Food Inflation Triggers: Is It Biden? Covid-19? Russia’s Invasion?


In a document released in March of this year by the Government Accountability Office (GAO), food inflation from 2021 to 2022 rose by 11.0%, the largest increase in food prices in over 40 years. The GAO also states that the rate of food inflation in the previous 10 years ending in 2022 was about 2.0% per year.

What causes food inflation? Are food prices trending higher or lower?

Causes of Food Inflation

There is a belief among some that policies from the Biden administration are the reason inflation is high. While government policies can certainly impact consumer prices, they are not a primary cause in most cases. What’s causing the present round of food inflation? Inflation exists when demand exceeds supply. Therefore, we must look at the underlying causes.

Supply: General

Getting food to the consumer involves three steps: production, processing, and distribution.
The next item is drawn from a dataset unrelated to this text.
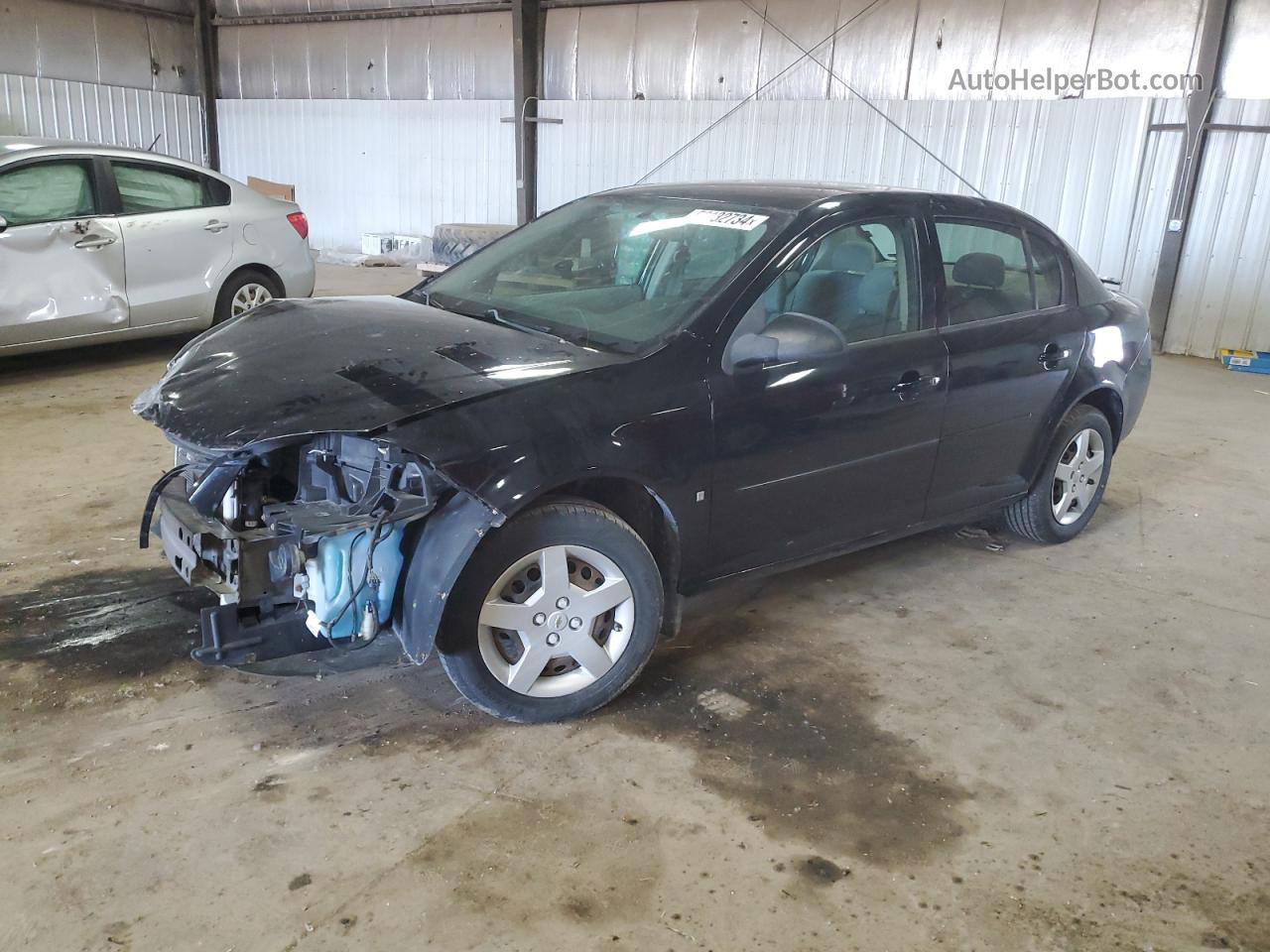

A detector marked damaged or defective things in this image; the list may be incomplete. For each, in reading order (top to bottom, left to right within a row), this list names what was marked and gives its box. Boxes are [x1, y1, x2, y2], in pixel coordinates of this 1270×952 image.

crumpled hood [133, 294, 619, 450]
severe front-end damage [139, 432, 496, 666]
damaged front bumper [139, 438, 496, 670]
Production costs vary based on the cost of feeding animals, the price of fertilizer, and animal and plant disease. Processing and distribution costs are affected by the cost of packaging and other materials. The supply of workers is another major factor, which of course, was interrupted by Covid-19.

Supply: Production

In America, most farm animals live on factory farms and are fed a diet of grains. The pandemic plus the Russian invasion of Ukraine (a major exporter of grains), have contributed to a reduction in the supply of feed. In addition, due to the pressure to mass produce for maximum profit, these animals are housed in tight quarters rather than allowed to roam about. Because of the lack of space, sanitary conditions are less than ideal as animals are forced to live in their own excrement, resulting in a higher incidence of disease. Therefore, large doses of antibiotics are given to keep these animals from getting sick. These are a few of the factors contributing to a higher cost for consumers. Perhaps the greatest contributor is the war between Russia and Ukraine.

When Russia invaded Ukraine, the cost of feeding animals rose substantially because Ukraine produces a significant portion of the world’s grains. More specifically, Ukraine supplies about 10% of the world’s wheat, 15% of corn, and 13% of barley. When you disrupt that much production, supply is reduced, and prices tend to rise. Corn and wheat are also the most common grains used in cereals. Thus, higher grain costs have had a negative effect on a large segment of the U.S. food supply.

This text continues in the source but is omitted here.